As I have revisited this blog and re-lived some of these memories, one post especially was emotional for me, and I realized that I never finished the story.
You can read the first parts here and here
While Jamere was at our home and in the weeks following, both my mom and I visited his mother and wrote her letters while she was in the jail. She had been arrested for assaulting another woman, and that’s what led to Jamere being placed in our home.
Our hope was to encourage her to get into recovery—she had an alcohol addiction—and be able to take the necessary steps to get her son home, even if he was no longer in our home.
After a month or so passed, she was released and we lost contact with her. We found out that Jamere was removed from the foster home he was placed in, and since we were no longer part of the case, we also lost track of him.
More than a year passed in which we had two more children pass through our home and as a result of the stress of the last child’s case, we made the decision to close our home.
However, the children never just disappear from your heart or memories.
I looked up Jamere’s mother and found out that she was arrested again for robbery of a pharmacy which meant that she likely destroyed her chances of getting her son back.
That was heartbreaking to find out.
My mom decided to post in a local foster and adoption Facebook group to see if anyone in the group might know of the whereabouts of Jamere.
Someone responded and his foster mom reached out to us.
He had been placed in a foster home for a while and was thriving.
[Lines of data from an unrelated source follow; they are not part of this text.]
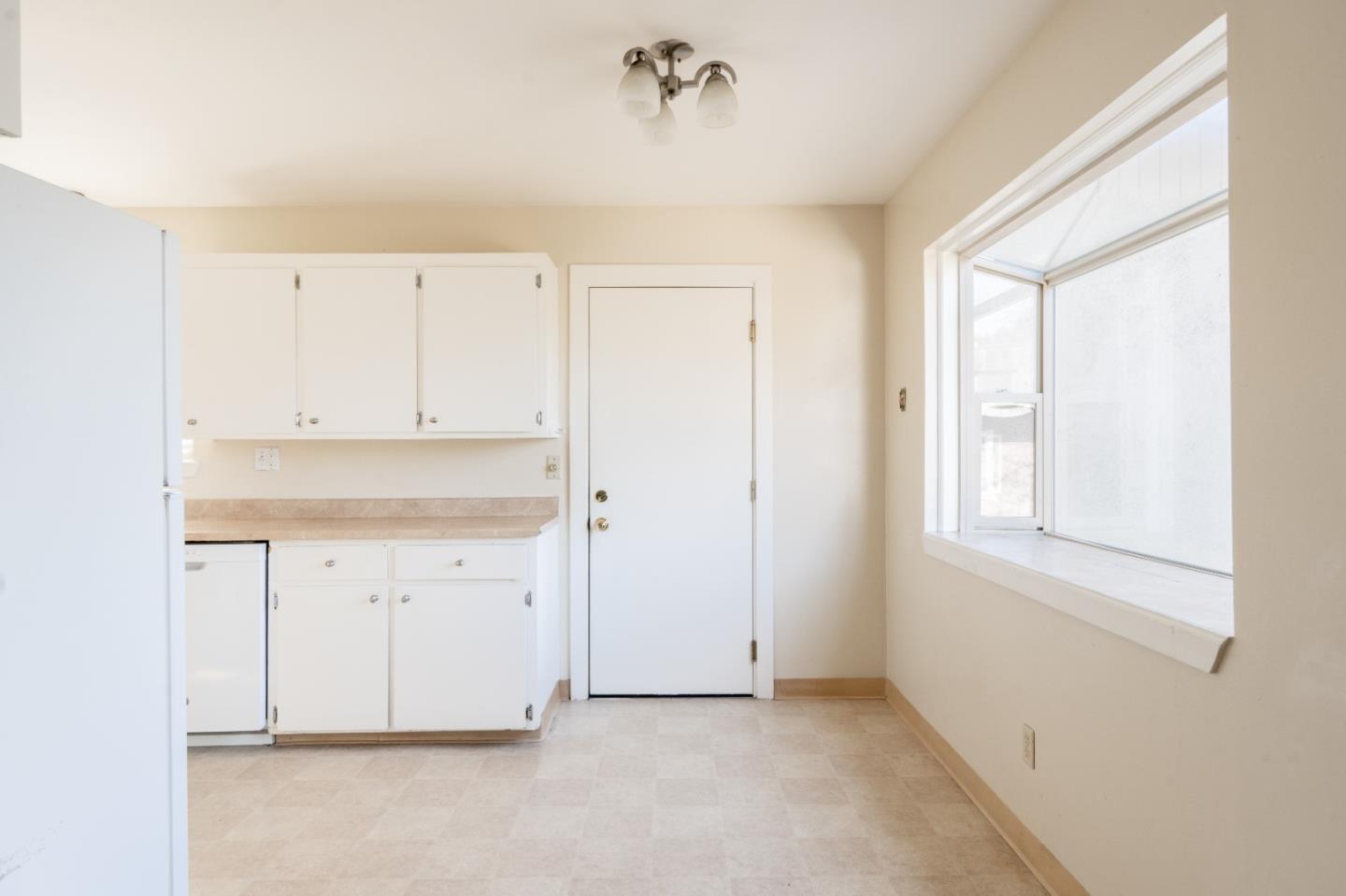 301 Park Circle Marina, CA 93933 - Photo 6 of 18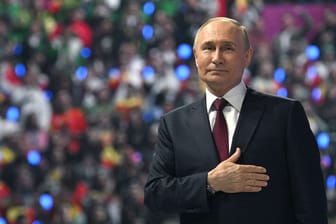 Wladimir Putin: Bislang ist unklar, was Donald Trump in Bezug für Russland plant, sagt Andreas Rödder.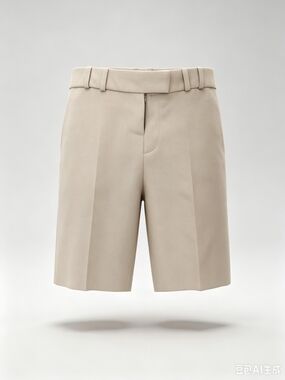 Chloe beige knee‑length bermuda shorts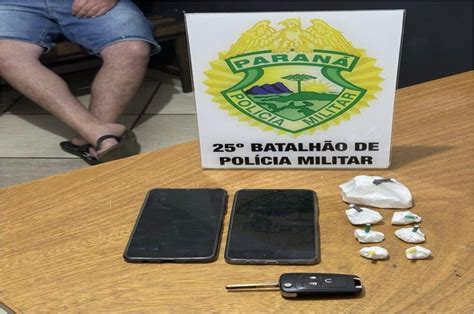 Casal é preso por tráfico de drogas em Perobal deixando crianças sob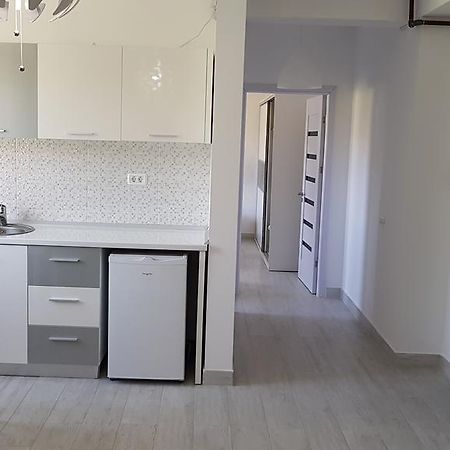 V1 Apartment Köstence Dış mekan fotoğraf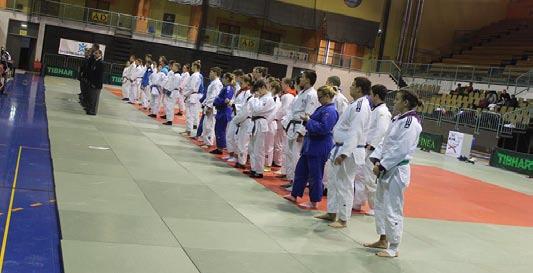 Najuspešnejši so bili judoisti in judoistke državne reprezentance Kazahstana, ki so osvojili štiri zlate, štiri srebrne in devet bronastih medalj.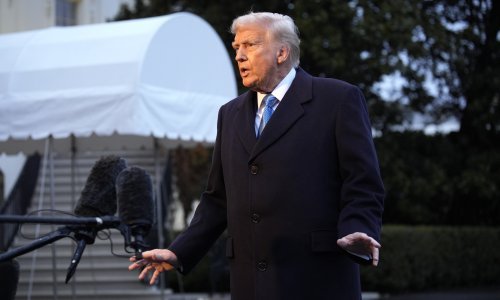 Novinarka udarila Trumpa mikrofonom: 'Ona je postala upravo velika priča!'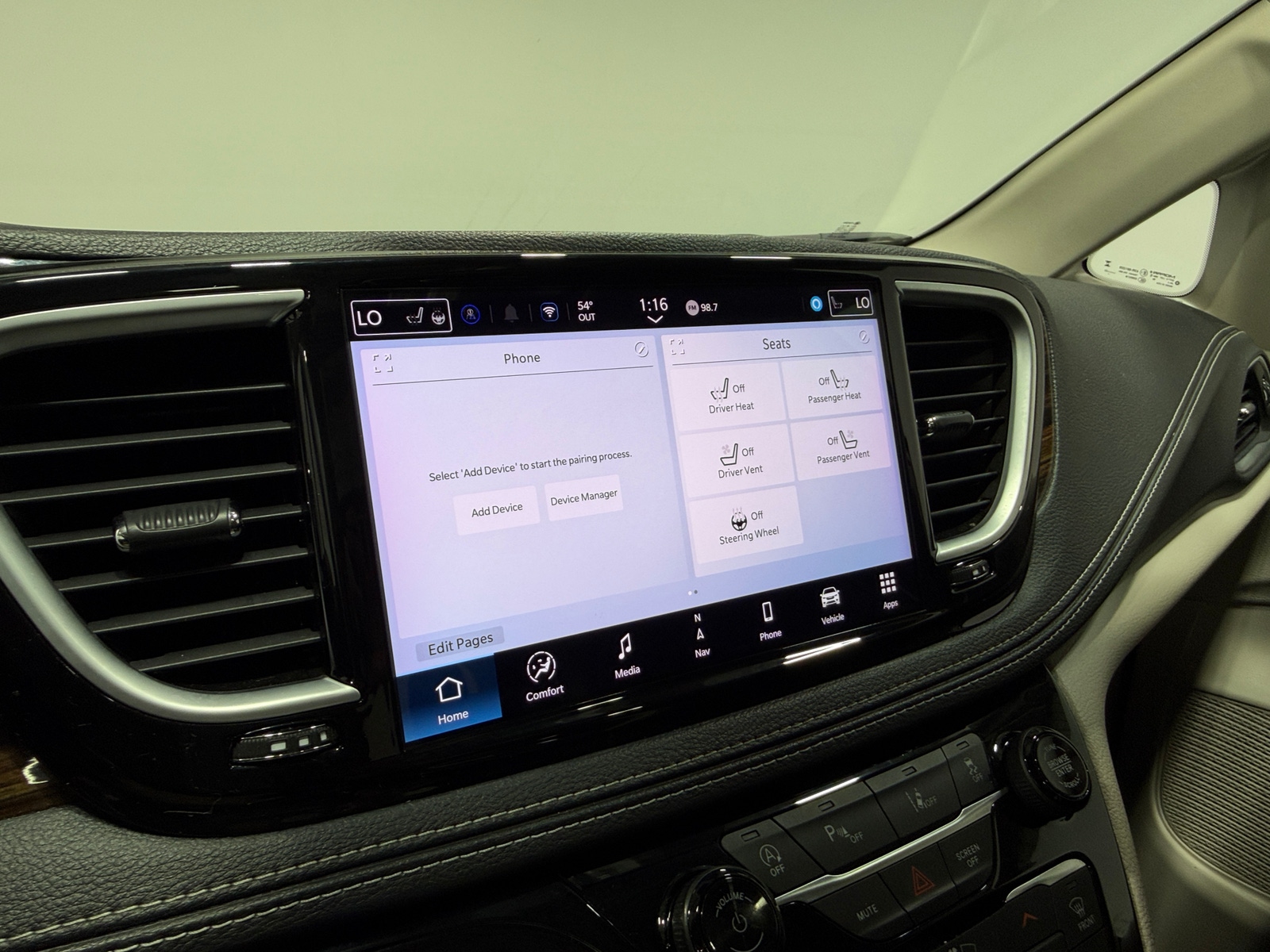 Thumbnail: 2023 Chrysler Pacifica - 3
The plan was moving towards adoption. However DHS located an uncle several states away, and although Jamere had not known him, DHS arranged for the uncle and family to adopt him.
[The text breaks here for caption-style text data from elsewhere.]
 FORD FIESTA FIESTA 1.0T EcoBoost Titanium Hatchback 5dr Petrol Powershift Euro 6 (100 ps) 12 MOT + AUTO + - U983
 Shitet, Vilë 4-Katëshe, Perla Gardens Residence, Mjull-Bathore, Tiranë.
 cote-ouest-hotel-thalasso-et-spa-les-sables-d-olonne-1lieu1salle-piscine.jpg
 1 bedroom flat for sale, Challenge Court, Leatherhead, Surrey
He was being moved to the Chicago area in a matter of days. But the foster mother welcomed us to come to their home and see him again before he left.
Although it had been more than a year since we had seen him, and he had only lived with us for a week, as soon as he saw us he recognized us and came running for hugs. I cried of course because I was so happy to see him happy! He had had such a rough road and yet he was happy and safe. It was sad to think that he was being moved yet again, but we could only hope that he would adjust again to the new home and that it would be a permanent, stable, loving home for him.
He would be around ten or eleven years old now. I don’t even remember his last name, and of course since he was adopted he would have a new name. So it is unlikely that I will see him again in this life anyway. I hope he is happy now and will continue to be so in his future.